Stored entries:
= = =

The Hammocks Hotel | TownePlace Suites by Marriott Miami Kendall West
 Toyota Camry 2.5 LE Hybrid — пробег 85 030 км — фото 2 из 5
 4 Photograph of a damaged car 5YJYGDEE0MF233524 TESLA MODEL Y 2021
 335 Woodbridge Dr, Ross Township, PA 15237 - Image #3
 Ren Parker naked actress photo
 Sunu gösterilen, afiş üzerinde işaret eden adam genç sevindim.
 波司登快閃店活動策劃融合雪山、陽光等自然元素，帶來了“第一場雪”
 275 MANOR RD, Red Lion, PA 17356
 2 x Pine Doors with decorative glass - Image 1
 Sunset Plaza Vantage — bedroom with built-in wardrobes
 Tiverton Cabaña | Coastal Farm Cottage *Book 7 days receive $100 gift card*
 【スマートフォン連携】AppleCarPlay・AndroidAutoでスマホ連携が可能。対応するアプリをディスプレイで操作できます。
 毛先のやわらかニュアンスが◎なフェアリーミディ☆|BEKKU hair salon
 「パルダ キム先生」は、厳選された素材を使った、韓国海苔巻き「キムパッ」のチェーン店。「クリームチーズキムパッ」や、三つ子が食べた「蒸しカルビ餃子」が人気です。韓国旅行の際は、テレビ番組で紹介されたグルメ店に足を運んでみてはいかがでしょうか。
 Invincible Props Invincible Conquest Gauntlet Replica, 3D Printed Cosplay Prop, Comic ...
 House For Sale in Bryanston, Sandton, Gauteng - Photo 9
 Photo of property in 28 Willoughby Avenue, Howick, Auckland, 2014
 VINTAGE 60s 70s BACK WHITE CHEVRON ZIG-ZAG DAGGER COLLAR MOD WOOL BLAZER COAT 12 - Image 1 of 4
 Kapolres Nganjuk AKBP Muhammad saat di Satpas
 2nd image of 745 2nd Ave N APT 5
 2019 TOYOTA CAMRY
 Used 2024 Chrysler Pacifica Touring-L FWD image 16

= = =

• _REQUIRED ACTION_: Please copy every line in the entries where "with" appears.

• _SOLUTION TO THIS EXERCISE_:
 2 x Pine Doors with decorative glass - Image 1
 Sunset Plaza Vantage — bedroom with built-in wardrobes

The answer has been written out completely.